== Segment start ==

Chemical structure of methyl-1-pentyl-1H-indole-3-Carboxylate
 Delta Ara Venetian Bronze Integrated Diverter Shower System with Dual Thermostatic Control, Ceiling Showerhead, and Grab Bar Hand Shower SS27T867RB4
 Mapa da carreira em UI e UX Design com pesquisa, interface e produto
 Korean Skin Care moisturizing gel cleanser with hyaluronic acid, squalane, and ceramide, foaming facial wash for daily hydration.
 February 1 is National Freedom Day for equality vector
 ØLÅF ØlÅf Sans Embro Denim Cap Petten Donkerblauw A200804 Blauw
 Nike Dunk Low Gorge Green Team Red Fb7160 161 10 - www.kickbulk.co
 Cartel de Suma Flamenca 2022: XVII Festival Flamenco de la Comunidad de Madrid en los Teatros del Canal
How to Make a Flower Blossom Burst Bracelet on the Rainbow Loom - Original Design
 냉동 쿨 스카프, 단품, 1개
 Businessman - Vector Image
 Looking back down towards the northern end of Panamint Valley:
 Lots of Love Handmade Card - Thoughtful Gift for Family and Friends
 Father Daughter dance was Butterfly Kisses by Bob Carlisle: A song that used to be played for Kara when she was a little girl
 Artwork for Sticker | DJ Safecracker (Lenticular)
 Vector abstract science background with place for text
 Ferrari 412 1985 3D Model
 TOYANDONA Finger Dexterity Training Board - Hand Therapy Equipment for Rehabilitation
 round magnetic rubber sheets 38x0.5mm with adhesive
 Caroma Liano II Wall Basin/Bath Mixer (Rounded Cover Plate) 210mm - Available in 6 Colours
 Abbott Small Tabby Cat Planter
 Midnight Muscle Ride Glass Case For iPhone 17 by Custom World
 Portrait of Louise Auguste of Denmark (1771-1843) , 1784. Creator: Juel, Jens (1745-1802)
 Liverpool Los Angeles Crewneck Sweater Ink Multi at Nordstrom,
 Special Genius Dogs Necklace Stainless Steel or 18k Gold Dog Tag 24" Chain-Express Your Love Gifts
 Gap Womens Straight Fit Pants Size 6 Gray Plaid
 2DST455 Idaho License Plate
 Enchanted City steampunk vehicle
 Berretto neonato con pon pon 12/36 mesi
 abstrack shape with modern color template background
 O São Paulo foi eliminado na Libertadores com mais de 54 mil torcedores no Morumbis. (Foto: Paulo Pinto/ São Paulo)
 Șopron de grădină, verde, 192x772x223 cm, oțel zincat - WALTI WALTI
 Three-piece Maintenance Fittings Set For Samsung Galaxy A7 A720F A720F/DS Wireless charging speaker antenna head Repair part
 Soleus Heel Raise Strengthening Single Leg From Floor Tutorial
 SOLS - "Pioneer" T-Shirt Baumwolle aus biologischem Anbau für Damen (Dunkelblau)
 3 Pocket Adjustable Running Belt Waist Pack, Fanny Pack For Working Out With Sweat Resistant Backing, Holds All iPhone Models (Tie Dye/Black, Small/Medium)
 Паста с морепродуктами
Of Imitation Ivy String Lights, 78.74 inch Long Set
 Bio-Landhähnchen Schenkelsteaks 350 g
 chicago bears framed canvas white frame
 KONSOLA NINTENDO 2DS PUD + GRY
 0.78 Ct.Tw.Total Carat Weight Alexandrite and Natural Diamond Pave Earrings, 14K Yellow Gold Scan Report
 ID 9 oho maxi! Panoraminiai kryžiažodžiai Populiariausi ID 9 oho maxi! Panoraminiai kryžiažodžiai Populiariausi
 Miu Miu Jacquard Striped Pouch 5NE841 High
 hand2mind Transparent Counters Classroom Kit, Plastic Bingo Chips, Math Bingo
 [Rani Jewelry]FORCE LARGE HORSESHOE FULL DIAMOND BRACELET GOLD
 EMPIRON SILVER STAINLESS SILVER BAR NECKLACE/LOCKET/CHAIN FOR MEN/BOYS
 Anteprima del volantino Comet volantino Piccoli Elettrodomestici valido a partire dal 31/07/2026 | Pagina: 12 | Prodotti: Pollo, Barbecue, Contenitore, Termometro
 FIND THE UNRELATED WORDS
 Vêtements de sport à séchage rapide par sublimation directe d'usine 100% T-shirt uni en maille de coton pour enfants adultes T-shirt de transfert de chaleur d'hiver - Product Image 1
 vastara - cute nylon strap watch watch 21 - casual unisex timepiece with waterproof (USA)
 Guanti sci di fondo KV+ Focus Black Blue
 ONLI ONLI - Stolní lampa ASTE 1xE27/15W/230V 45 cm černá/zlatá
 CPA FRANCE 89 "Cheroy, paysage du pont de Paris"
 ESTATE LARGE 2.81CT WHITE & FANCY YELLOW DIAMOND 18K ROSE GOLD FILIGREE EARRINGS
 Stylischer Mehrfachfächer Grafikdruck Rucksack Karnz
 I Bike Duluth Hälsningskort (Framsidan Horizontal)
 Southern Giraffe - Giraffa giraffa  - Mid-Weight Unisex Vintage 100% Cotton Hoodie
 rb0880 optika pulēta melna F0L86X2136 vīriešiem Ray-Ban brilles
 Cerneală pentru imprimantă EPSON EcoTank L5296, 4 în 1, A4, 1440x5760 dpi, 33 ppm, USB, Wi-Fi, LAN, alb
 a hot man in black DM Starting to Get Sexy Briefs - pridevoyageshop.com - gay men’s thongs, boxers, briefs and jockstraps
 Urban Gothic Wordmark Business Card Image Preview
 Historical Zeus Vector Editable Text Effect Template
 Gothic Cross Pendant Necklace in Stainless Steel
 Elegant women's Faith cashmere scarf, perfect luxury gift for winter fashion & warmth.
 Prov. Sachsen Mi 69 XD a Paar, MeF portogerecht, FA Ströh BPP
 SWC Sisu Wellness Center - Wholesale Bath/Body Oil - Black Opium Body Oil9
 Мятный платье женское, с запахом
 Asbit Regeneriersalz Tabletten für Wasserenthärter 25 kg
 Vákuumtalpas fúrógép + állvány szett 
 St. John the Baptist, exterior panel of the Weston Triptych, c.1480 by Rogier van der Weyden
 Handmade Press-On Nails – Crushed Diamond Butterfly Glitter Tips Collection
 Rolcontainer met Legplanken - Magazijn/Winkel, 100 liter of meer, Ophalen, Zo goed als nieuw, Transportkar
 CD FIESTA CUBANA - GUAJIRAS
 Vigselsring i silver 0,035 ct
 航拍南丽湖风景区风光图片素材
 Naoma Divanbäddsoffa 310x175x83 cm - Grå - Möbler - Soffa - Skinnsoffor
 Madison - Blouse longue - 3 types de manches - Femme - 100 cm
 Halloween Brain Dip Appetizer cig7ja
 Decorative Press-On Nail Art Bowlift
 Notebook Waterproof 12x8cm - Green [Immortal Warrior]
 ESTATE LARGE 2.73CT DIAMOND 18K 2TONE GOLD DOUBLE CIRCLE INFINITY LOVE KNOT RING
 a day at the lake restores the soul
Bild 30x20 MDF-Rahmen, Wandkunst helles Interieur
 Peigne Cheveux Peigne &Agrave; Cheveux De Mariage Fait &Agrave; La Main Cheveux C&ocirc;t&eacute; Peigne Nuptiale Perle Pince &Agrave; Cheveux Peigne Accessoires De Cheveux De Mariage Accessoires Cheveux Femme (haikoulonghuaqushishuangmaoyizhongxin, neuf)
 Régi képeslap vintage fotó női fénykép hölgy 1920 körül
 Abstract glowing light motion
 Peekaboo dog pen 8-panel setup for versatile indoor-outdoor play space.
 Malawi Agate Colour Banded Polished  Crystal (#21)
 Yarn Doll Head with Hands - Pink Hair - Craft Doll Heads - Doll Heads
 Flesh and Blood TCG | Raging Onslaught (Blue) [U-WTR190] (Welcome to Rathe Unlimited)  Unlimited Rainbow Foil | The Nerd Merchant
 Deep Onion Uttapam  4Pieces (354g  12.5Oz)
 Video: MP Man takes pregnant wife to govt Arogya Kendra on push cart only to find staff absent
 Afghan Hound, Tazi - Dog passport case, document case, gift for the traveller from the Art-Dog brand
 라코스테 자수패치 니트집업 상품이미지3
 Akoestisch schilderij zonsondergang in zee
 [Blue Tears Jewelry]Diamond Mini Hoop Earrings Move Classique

== Segment end ==

→ **Exercise goal**:
Here the job is to set down exactly the lines of the material above that fall between the one with "Prov. Sachsen Mi" and the one with "St. John the", inclusive, and nothing beyond them.

→ **Output of the exercise**:
 Prov. Sachsen Mi 69 XD a Paar, MeF portogerecht, FA Ströh BPP
 SWC Sisu Wellness Center - Wholesale Bath/Body Oil - Black Opium Body Oil9
 Мятный платье женское, с запахом
 Asbit Regeneriersalz Tabletten für Wasserenthärter 25 kg
 Vákuumtalpas fúrógép + állvány szett 
 St. John the Baptist, exterior panel of the Weston Triptych, c.1480 by Rogier van der Weyden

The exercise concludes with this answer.